Ich schicke Gründer gern raus auf die Straße oder ans Telefon, damit sie testen, ob ihr Konzept trägt. Sie befragen potenzielle Kunden, ob diese ihr Produkt annehmen würden. Und wenn ja - wie oft, zu welchem Preis. Oft arbeiten Unternehmen ja schon mit einem Dienstleister zusammen. Und da ist es wichtig, zu wissen: Wie könnte ich eine Firma dazu bewegen, zu mir zu wechseln? Diese Markterkundung gibt immens viel Aufschluss; weil man Rückmeldungen bekommt - ob die Idee gut ist oder ob man es besser bleiben lässt. Es ist besser, diese Klatsche am Anfang zu bekommen, dann kann man nachjustieren - etwa bei einem Firmennamen, den keiner versteht. Wenn jemand eine Woche lang telefoniert und an seine Kundschaft nicht rankommt, ist es ein klarer Indikator dafür, dass er mit dieser Idee auch später bei der Akquise Probleme haben wird.

Einige Gründer leben jahrelang von Ersparnissen. An welchem Punkt sollte man sein Konzept überdenken?

Nolte:

Manche können zwei, drei Jahre von ihren Ersparnissen leben, andere haben gar kein Polster. Das ist zwar eine unglückliche Startvoraussetzung, aber unter Umständen kann auch so jemand mit einer Idee durchstarten, weil er vielleicht von Anfang an Umsätze einfährt oder das erste halbe Jahr noch einen Nebenjob hat. Dem einen wird bei 10 000 Euro Schulden schlecht, wenn es nicht so anläuft wie geplant, der andere würde vielleicht bei 100 000 Euro sagen, ich krieg die Kurve nicht. Der Markteintritt muss ein Stück weit planbar sein und deshalb macht es auch für ein Kleinstunternehmen Sinn, einen Businessplan zu erstellen.

Ohne geht es nicht?

Nolte:

Als Gründer schreibe ich einen Businessplan nicht nur, um eine Bank oder die Agentur für Arbeit zufriedenzustellen, sondern auch für mich als Planungstool. Um dann, wenn ich in den Markt eintrete, zu sehen, wo ich im Vergleich zu meiner Planung stehe. Wenn ich deutlich unter meinen Zielsetzungen liege, kann ich auf meinen Plan zurückgreifen und Maßnahmen ergreifen, um wieder an mehr Aufträge und Kunden zu kommen. Oft ist es so, dass in Krisenzeiten eine innere Lähmung eintritt und Gründer einfach nur in ihrem Laden sitzen und warten, dass Kunden kommen. Sie verharren in dem Glauben, dass sie ja einmal eine Werbeaktion gemacht haben und alle wissen, dass es sie gibt. Also fallen sie in eine Art Dornröschenschlaf. Wenn ich keine Ideen mehr habe und die Liquidität zur Neige geht - spätestens dann sollte ich die Bude dichtmachen. Bevor ich mich gar nicht mehr bewegen kann.

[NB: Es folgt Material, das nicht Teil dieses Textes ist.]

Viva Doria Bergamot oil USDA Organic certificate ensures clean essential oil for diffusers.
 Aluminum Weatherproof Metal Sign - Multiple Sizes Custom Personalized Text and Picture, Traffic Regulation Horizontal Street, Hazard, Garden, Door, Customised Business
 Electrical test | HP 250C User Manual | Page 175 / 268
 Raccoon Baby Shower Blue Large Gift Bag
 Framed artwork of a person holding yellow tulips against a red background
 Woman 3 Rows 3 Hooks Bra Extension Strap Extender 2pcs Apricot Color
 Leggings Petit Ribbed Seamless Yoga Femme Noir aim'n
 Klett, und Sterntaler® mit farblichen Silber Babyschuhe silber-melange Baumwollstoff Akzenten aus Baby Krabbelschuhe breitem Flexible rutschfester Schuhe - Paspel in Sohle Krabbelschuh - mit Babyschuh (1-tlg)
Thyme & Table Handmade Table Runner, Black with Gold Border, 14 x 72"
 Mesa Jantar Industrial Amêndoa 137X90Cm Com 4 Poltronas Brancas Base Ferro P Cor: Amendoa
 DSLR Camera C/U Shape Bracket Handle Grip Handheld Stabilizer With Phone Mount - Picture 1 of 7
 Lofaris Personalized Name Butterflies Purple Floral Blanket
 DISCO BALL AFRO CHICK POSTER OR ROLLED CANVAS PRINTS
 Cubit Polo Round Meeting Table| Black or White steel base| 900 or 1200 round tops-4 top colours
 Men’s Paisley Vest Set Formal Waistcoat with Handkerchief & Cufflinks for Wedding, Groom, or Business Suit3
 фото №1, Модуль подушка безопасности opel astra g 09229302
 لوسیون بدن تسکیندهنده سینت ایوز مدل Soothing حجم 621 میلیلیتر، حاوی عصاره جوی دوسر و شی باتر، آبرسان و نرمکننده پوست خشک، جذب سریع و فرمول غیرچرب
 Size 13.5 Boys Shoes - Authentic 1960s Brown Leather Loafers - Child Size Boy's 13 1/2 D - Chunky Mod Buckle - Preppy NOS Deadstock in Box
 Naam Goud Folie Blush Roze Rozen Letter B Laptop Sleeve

Es gibt in der Internet-Szene Leute, die eine Firma nach der anderen gründen. Wie geht das?

Nolte:

Manche von ihnen haben schlichtweg eine andere Ausgangssituation. Sie starten mit ordentlich Geld im Gepäck oder mit Venture Capital. Auch wenn jemand gute Kontakte hat, kann das ein immenser Push nach vorne sein. Andere haben nicht mal das als Startvoraussetzung, sondern einfach eine geniale Idee. Und dann kommt noch das Quäntchen Glück hinzu - dass sie im richtigen Moment den Richtigen treffen, der irgendwo eine Tür für sie aufstößt und das Geld ins Rollen bringt. Ich glaube, dass die Persönlichkeit in Passung mit der Geschäftsidee immer eine wesentliche Rolle spielt. Ein weiterer Erfolgsfaktor ist der richtige Zeitpunkt zur Verwirklichung der Vision - vorausgesetzt, ich habe eine.